Apenas em 1.962, com o Estatuto da Mulher Casada, a mulher deixou de ser considerada civilmente incapaz, sendo permitido que viesse a trabalhar fora de casa. Somente em 1988, através do artigo 5º, I, foi consagrada a igualdade jurídica entre homens e mulheres.


Somente em 2002, o "pátrio poder" foi substituído por "poder familiar". Em 2006, foi promulgada a Lei Maria da Penha, que criou mecanismos para coibir a violência doméstica e familiar contra a mulher.


Em 2015, o feminicídio foi reconhecido como circunstância qualificadora do crime de homicídio. Em 2018, a importunação sexual (beijo forçado e “agarrão” sem consentimento) passa a ser crime (implicando diretamente na proteção do trabalho da mulher).


Por fim, vejamos alguns dispositivos do Código Civil de 1.916, cuja vigência terminou apenas no ano de 2002.
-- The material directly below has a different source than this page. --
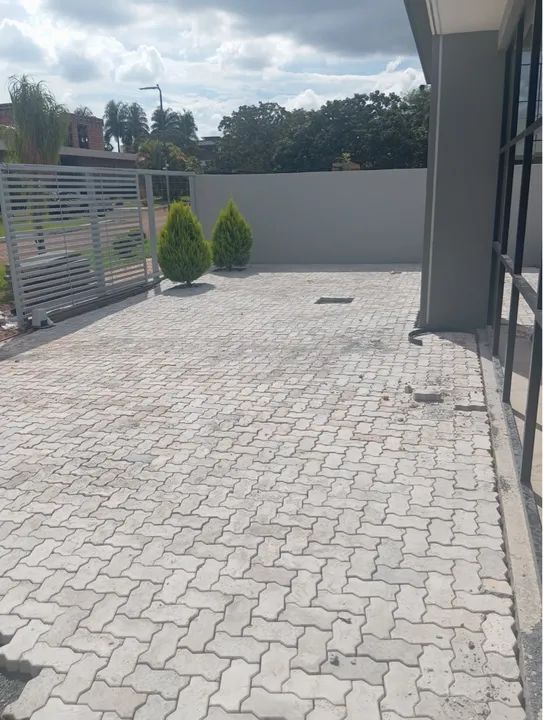 Instalação de bloquete / Assentador de bloquete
  • O Código Civil de 1.916 e a Mulher.


Finalmente, veremos o quanto o feminismo tem influência direta nas relações de direito civil, principalmente no que se refere à figura da mulher perante a família. Vide alguns dispositivos do antigo Codex:


1 - Através do artigo 6º, as mulheres casadas eram consideradas relativamente incapazes;


2 - Segundo o inciso IV do artigo 233, as mulheres precisavam de autorização dos maridos para trabalhar;


3 - O artigo 242 previa que a mulher só poderia aceitar a herança com autorização do homem;


4 - Nos termos do artigo 380, a mulher só exercia seu poder na falta ou impedimento do homem;


5 - O artigo 320 do Código de Clóvis Bevilacqua determinava que, para o recebimento da pensão alimentícia, a mulher precisava ser pobre e inocente (????????).


  • Conclusão


Estes são apenas alguns dados históricos que demonstram a importância do movimento feminista enquanto necessário às garantias dos direitos da mulher. Brevemente, analisamos o feminismo à luz dos direitos fundamentais inerentes a qualquer ser humano, cruzando dados históricos e atuais que demonstram de forma insofismável que, em pleno século 21, ser mulher ainda é um desafio!
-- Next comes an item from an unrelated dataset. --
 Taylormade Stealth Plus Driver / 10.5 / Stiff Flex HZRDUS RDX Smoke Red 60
Assusta perceber o quanto os maiores absurdos praticados contra aquelas que se identificam como nossas mães, irmãs, filhas e esposas pareciam tão normais aos olhos da nossa sociedade. Como dito, creio que o feminismo (enquanto conceito de garantia aos direitos fundamentais da mulher) extrapola a identidade de gênero, essa luta não é apenas das mulheres, é do mundo!


Por fim, me permito lançar uma observação pessoal a respeito da questão (pois é impossível, mesmo a um advogado, restringir o assunto ao tecnicismo). Ao lançar os olhos sobre alguns dos atos mais lamentáveis praticados contra as mulheres (na história e na atualidade), duas coisas me impressionam: A covardia de alguns homens e a admirável força de muitas mulheres.


Não é preciso ser mulher para perceber que isso não pode significar um martírio. Para que a mulher alcance a plenitude de uma vida feliz em sociedade, todos devemos ser melhores. Essa luta é de todos nós!